Trading in carbon credits has become a key part of efforts to curb greenhouse gas emissions and ultimately fight global warming. Europe’s most successful carbon trading platform, the European Climate Exchange (ECX), became the most liquid carbon place in Europe not long after launching its futures contract on carbon dioxide emissions in April 2005. (ECX futures and options contracts have both EU allowances (EUA’s) and Certified Emission Reductions (CERs) as their underlying units of trade). More than 90 global businesses have signed up for membership on ICE Futures Europe to trade ECX emissions products. In addition, several thousand ICE clients around the world have trading access to the emissions market daily via banks and brokers.

The voluntary carbons market, which relies on company investment, is experiencing mixed fortunes, due to lack of credit as the global economy weakens. Even though prices on the main voluntary exchange remain strong, the Chicago Climate Exchange (CCX) has fallen sharply in recent months.
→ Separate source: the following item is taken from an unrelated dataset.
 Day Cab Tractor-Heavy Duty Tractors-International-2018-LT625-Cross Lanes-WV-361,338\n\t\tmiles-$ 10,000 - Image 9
While this market is likely to experience a tough year ahead, the commodities market goes from strength to strength.

“In the New Energy for America plan, $150bn will be pumped into alternative, renewable technology.”

Speaking at a press conference last month, ECX CEO Patrick Birley said that despite falling credit rates, 2008 was a “phenomenal” year and that 2009 will represent “huge opportunities” in the sector. Louis Redshaw who heads Barclays Capital’s Emissions Trading business says he believes there will be growth in 2009, which will increase spot activity. As a result of confidence in the market, ECX plans to launch spot contracts later in the year.

What lies behind such optimism as expressed by Patrick Birley and other industry names is a new political era in the US. The new climate friendly US President Barack Obama is expected to take a leading role in global climate change policy, leading to a growing interest from a wide range of countries and organisations to follow the US example. According to Birley Barack Obama’s appointment will increase the chance of commitment to climate change policy from high polluters India and China.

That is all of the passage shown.